There are a couple different points they are trying to make, of course. Times have moved on and these four have not kept up. Their women have built lives without them; they are in bad physical shape; the youths coming up behind them have chances and choices they never did. Edinburgh has shifted from a grotty backwater to an international attraction. No one is colonizing the Scots anymore; instead money is being literally thrown at them. And four of the main characters have no idea how to handle this embarrassment of riches. Their selfishness makes it impossible for them to live normal lives, even if they replace damaging addictions with healthier ones. It becomes clearer over the course of the film that Renton and Simon’s friendship, even after all these years, is one of mutual codependency. Is their growing realization that no one else will ever understand each other the way they do a triumph, or a profound failure? Is the way all four characters cling to their shared past a tribute to it? Or is it a crying shame that they are unable to manage the wider world?

And why is the person who is able to use them for her own needs not the center of the film?

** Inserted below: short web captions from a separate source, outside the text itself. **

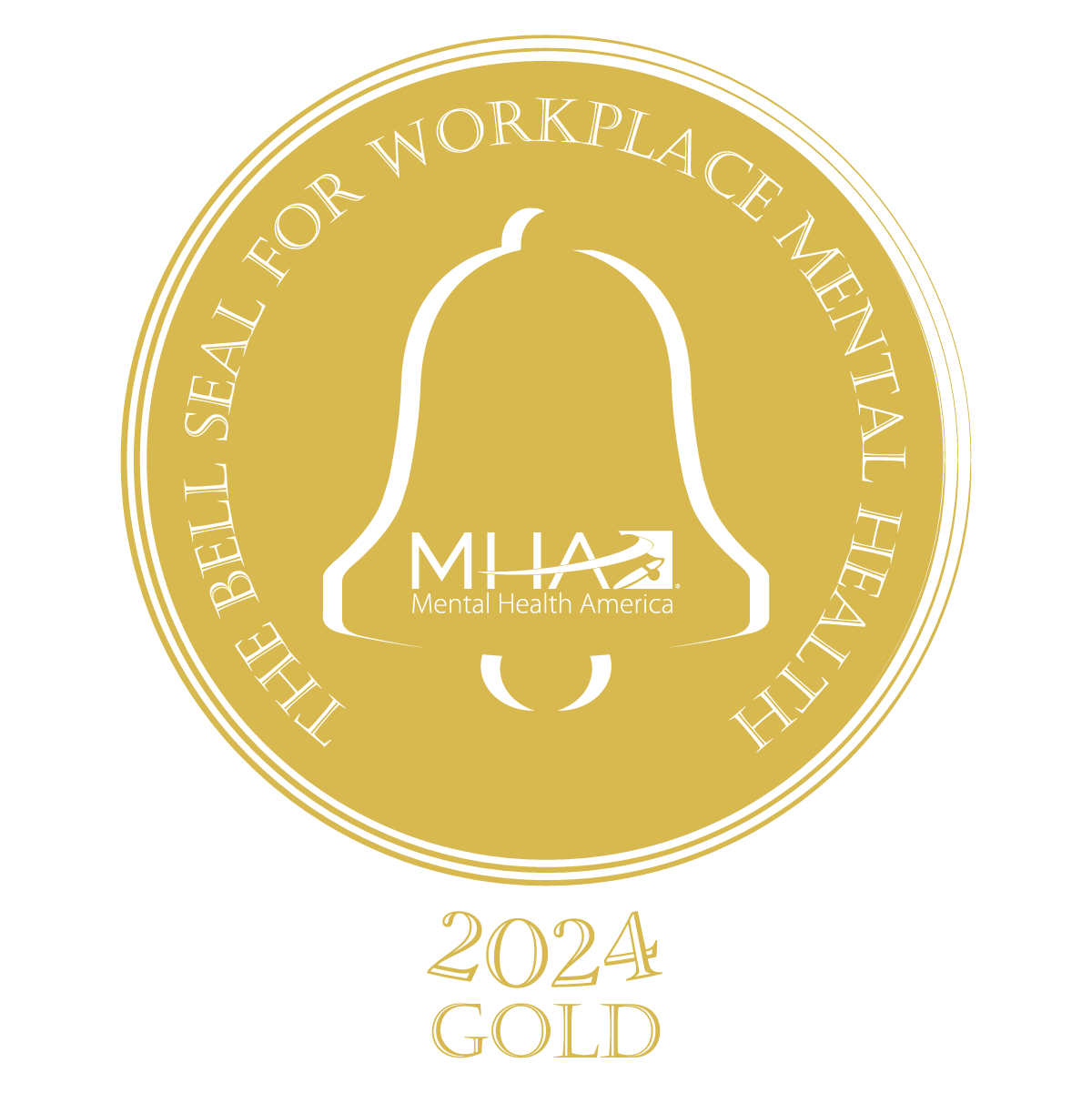 Mental Health America’s (MHA) Gold Bell Seal
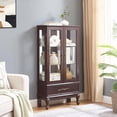 thumbnail image 3 of Vintage Lighted Curio Storage Cabinet with 1 Drawer, Mirrored Back & Tempered Glass Doors, 3 Tier Storage Display Cabinet Adjustable Shelves Home Office Showcase,Brown, 3 of 8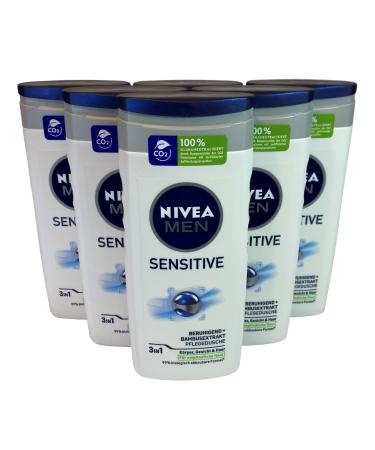 NIVEA MEN NIVEA MEN Sensitive Care Shower (6 x 250 ml) - Refreshing and Nourishing Shower Gel with Bamboo Milk - Moisturising Shower Gel for Men's Sensitive Skin - 99% Biodegradable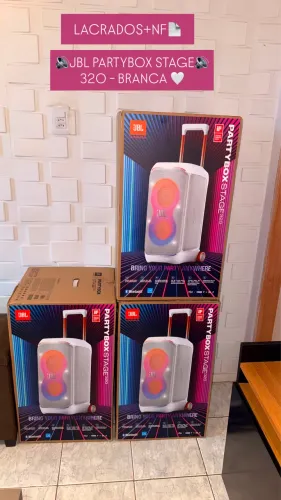 JBL PARTYBOX STAGE 320 BRANCA LACRADOS NOVOS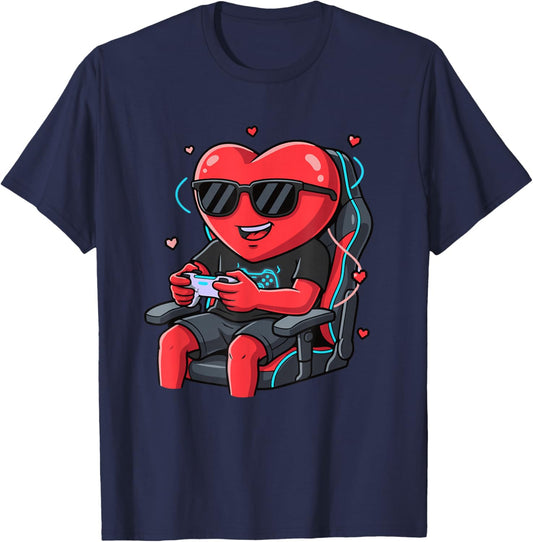 Valentine Gamer Funny Heart Video Gaming T-Shirt - T-Shirt | Navy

The movie stands alone, just about, but with such a heavy burden of the past hanging over it it’s tough to imagine you’d see it without knowing of the first one. So, as one scene directly asks, is this a memorial, or is it nostalgia? It’s definitely nostalgia – not that there’s anything wrong with that – but it could have pushed past that into something new. Veronika could have been her own person, instead of being seen only through the men’s eyes. (There is one scene that deliberately ensures the film passes the Bechdel test, but it’s a weak counterbalance to all the scenes of Ms. Nedyalkova doing nothing other than listening attentively. Let’s hope this part is a good calling card for her.) These men are stuck in their glory days and don’t seem to care. There’s a whole world out there they are so afraid of they are happy to be left behind. To curl back into their childhood patterns is a not a good choice, and the movie seems to think we’ll be glad for them, and forget that predictable old bigots are easy to take advantage of. The ending is pitched as a happy one – for almost everyone – but the final shot of the film is desperately pathetic. It’s not a memorial, or nostalgia. It’s a burial.